It is no secret that miraculous things happen during each and every mass. Jesus becomes present in the Bread, venial sins are forgiven through the Penitential Act, and periodically, sacramental grace is granted during weddings or baptisms. This year, thanks to COVID, mass at PA has donned a new ability: taking place in rooms all around the building. This school year, students and teachers have worshipped in the chapel, in the Performing Arts Center, and even a gym.
In order to follow social distancing requirements, students celebrate mass in smaller groups. Seventh and eighth graders worship together, as do ninth and tenth graders, as well as eleventh and twelfth graders. Meanwhile, Lower Schoolers celebrate mass in two groups that include a spectrum of grades. In order to be able to sit a full six feet away from each other, all students gather in the Performing Arts Center, or PAC. The only exception to this is sixth graders, who have a grade small enough to safely fit into the familiar chapel.
Father Michael McClellan, the school chaplain, commented on this transition, “I have celebrated the mass in many different places over the years, and the PAC is one of the best temporary churches I have ever been in.”

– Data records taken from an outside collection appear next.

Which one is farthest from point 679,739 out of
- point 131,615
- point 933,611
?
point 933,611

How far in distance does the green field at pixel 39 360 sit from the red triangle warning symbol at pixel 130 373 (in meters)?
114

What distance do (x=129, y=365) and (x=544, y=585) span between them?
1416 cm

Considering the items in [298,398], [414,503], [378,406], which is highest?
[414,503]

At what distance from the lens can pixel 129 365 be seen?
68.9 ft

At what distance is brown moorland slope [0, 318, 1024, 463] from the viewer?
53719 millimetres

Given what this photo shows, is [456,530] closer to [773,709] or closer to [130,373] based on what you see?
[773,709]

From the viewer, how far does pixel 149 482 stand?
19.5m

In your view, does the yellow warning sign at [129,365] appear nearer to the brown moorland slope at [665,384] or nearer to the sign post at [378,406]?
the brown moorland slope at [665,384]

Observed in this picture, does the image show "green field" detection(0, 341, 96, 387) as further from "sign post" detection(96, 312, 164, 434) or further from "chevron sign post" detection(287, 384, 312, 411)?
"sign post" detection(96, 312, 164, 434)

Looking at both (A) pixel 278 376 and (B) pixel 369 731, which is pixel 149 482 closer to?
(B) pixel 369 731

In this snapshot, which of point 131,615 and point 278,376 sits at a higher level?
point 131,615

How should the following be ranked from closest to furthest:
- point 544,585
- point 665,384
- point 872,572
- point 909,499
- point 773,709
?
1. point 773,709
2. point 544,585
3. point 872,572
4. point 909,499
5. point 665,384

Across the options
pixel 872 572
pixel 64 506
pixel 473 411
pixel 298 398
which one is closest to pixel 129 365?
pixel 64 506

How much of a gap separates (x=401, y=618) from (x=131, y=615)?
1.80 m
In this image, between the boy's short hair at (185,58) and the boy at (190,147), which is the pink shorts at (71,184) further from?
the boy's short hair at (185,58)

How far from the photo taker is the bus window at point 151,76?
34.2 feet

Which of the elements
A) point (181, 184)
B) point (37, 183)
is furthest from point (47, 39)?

While the Performing Arts Center is indeed beautiful with its grand spaces, brilliant chandeliers, and ornate decorations, Providence had to look elsewhere in order to hold mass this past Tuesday, December 8th, on the feast of the Immaculate Conception. Providence normally marks this day of obligation with an all-school mass, where nearly all grades gather in the Great Room for worship. Gathering the entire student body in one room may have been unattainable, but Providence was determined to do the next best thing: having three distinct services: one for the entire Lower School, one for the entire Middle School, and one for the whole Upper School.
Even with the school divided into three sections, PA needed a bigger location. Gym A, the largest gym PA has to offer, ended up fitting the bill. With socially distanced chairs and an altar transported from the opposite side of the building, everything came together, with Lower School celebrating mass at 9:25 a.m., Middle School at 12:35 p.m., and Upper School bringing up the rear at 2:25 p.m..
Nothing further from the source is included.